Vier Jahre später – er hatte längst in der Lackiererei gekündigt und mit dem Trinken aufgehört – war er fest entschlossen, „nicht noch einmal vor dem Nichts zu stehen“. Jetzt erpreßte er die Firma Karstadt um eine Million Mark. Bei der Frage, warum er den Konzern gewechselt habe, wurde aus dem „Dagobert“ ein kleiner Robin Hood: „Ich wollte es gerecht verteilen.“

Um keine „Bezugspunkte“ zur ersten Erpressung zu liefern, legte er im Juni 1992 in der Karstadt-Filiale in Hamburg eine Bombe. Warum gerade Hamburg? „Weil auf dieser Autobahnstrecke am wenigsten Staus sind.“

Arno Funke entsprach gestern nicht nur dem Bild des gewitzten Erpressers. Er gab sich auch alle Mühe, der Strategie seines Anwaltes zu folgen. Immer wieder strich er sich angestrengt mit den Händen übers Gesicht. Eine Berufskrankheit soll Ausgangspunkt für die Taten gewesen sein. Nach jahrelanger Arbeit als Lackierer, so der Verteidiger und frühere Honecker-Anwalt Wolfgang Ziegler, sei sein Mandant durch das Inhalieren von Lösungsmitteln arbeitsunfähig geworden. Funke assistierte: er leide noch heute unter „leichten Bewußtseinstrübungen“. Auch ohne Alkohol habe er das Gefühl, getrunken zu haben.
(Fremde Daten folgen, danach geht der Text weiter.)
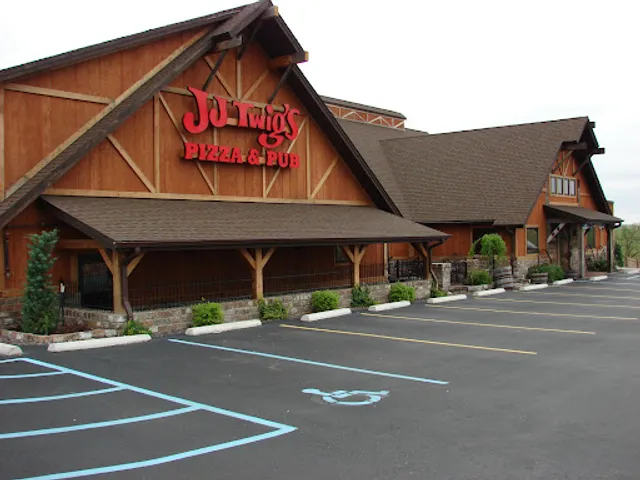 JJ Twigs Pizza & Pub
Weil Dagobert bei seinen Taten stets darauf geachtet haben will, niemanden zu gefährden, hofft er nun seinerseits auf ein faires Verfahren. Und Anwalt Ziegler setzt auf strafmildernde Umstände für seinen Mandanten – weil er wegen der giftigen Lackdämpfe „vielleicht nur eingeschränkt schuldfähig ist“.

Obwohl die Anklageschrift 92 Seiten umfaßt, 41 Gutachten vorliegen und 117 Zeugen aufgefahren sind, schließt Ziegler nicht aus, daß die angesetzte Prozeßdauer von 21 Tagen unterschritten werden könnte. Das Verfahren wird am Freitag fortgesetzt.